I think "I hated this and didn't want to finish it so it gets 1 star" is very fair. Especially since 1-star means "hated it" and I was honest about not finishing it.

I presume you're also deriding every Fandom Squee who gave the thing 5 stars sight unseen back in June.


message 17: by Jenna (new) - added it

Jenna I don't look around GR enough to do such a thing and came across yours by chance, but I don't support people rating a book not finished period, good or bad review. Regardless, I appreciate the honesty about not finishing it.


message 18: by D.M. (new)

D.M. Dutcher There's an issue with Kindle in which if the book uses HTML a certain way, it causes this. If it's that error, it actually reads fine on older kindles, the fire, the web, and mobile, but it gets screwed up seriously on the Kindle touches. Maybe they'll finally fix that bug if it even affects Rowling.


message 19: by Sam (new) - rated it 4 stars

Sam It's actually quite possible to change the font size for your Kindle books, did you try that?


Katherine Coble Sam wrote: "It's actually quite possible to change the font size for your Kindle books, did you try that?"

Contrary to your first impression of me I am not a stone eejit.

This was a documented file error on the part of Amazon. As I mentioned to another person above, the error was covered by Gizmodo.


message 21: by Imi (new) - rated it 5 stars

Imi OK,you are honest about not reading it,but still: rating a 500 page-book after the prologue,which is what,3 pages? come on...


message 22: by Anne (new) - rated it 3 stars

Anne You CAN change the font size if it's too small! Also if you don't like a book return it... I couldn't even finish 50 shades of... & kindle refunded me & Costco takes back whatever... :)


Jaimie Teekell Anne, Kindle refunded a book you couldn't finish? Seriously? I need to try this.


message 24: by justanya (new)

justanya So that we're clear, you gave the book 1 star because of how it appears on your Kindle ( which has nothing to do with Rowling) and only read the prologue which is only what 2 pages out of 500+? That's a snap decision. I'm surprised you didn't arrive to tha conclusion via reading the summary.

Just a friendly FYI, Save yourself the future headache and download samples before tying up $ in a book ESP a book you don't like and already returned to get a refund.


Becky Yost Katherine wrote: "Rafael wrote: "Doesn't read book. Rates it anyways. F--- logic."

It's extremely logical. I didn't like what I read and said so. I was upfront that I didn't finish it. Why should I ruin my eyes ..."

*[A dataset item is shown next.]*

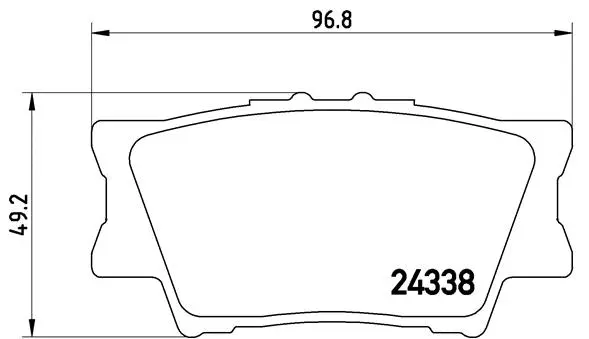 Brake Pad Set, disc brake (P 83 089)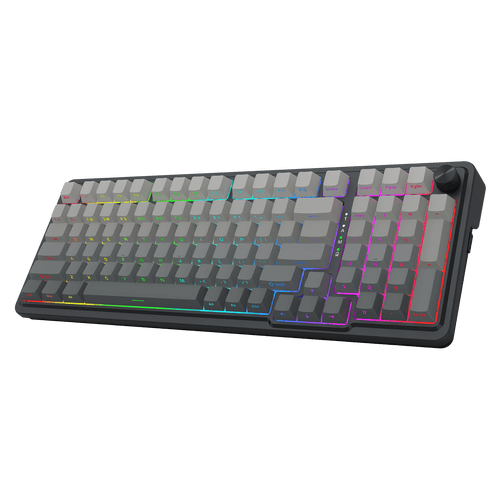 Redragon K686 PRO 98 Keys Wireless Gasket RGB Gaming Keyboard, 3-Mode PBT Mechanical Keyboard w/Hot-Swap South-Facing RGB Socket, Dedicated Knob Control & 5-Layer Noise Dampening, Gradient PBT Keycaps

How can you rate a book that you didn't read? Just because you didn't like the prologue doesn't mean you can rate the entire book off of a few pages. Part of your disdain for the book also seems to come from the fact that your Kindle version was improperly formatted. The fact that you included this in your "book" review clearly shows that you were more upset over the fact that you could not read the small print and were less concerned with the actual content of the pages.

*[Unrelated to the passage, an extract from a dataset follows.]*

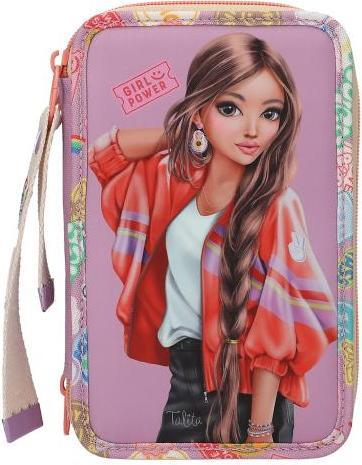 Actual product image Magni DEPESCHE TOPModel Federtasche 3fach GIRLPOWER mit Anhänger gefüllt
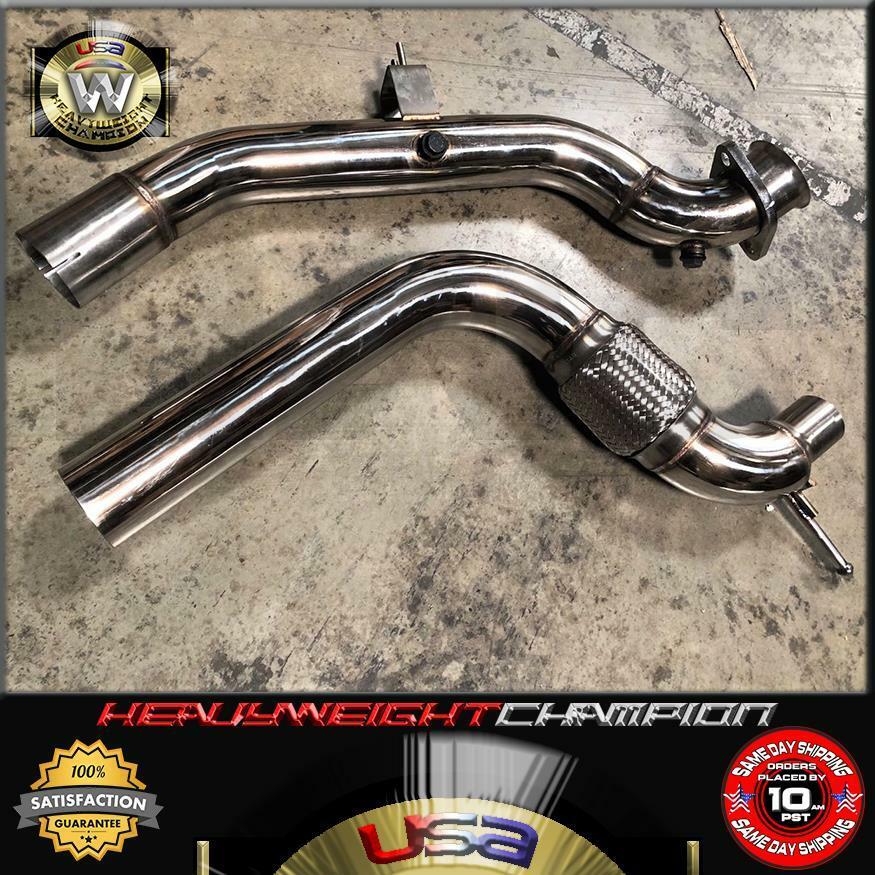 For 2015-2020 Ford Mustang EcoBoost 2.3t Turbo Downpipe 3\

message 26: by Agnibha (last edited Sep 29, 2012 11:24PM) (new) - rated it 5 stars

Agnibha Basumallick I don't think you did CV a justice, and that as always is your choice.You were honest in your dislike & I quite understand it loving the CV very much myself.

If you didn't like the prologue, the rest of the book would unlikely be a mood-lifter for you as the prologue is probably one of the more gentle chapters of the novel.

Yeah I heard from my friends that Kindle did run into a technical glitch & had to re-distribute an update fix. BBC did a story on that I think.


message 27: by Katy (new) - added it

Katy Have you ever tried changing the alignment and holding the Kindle sideways? That's how I deal with .pdf files with teeny, tiny font, and it usually does the trick for me, anyway.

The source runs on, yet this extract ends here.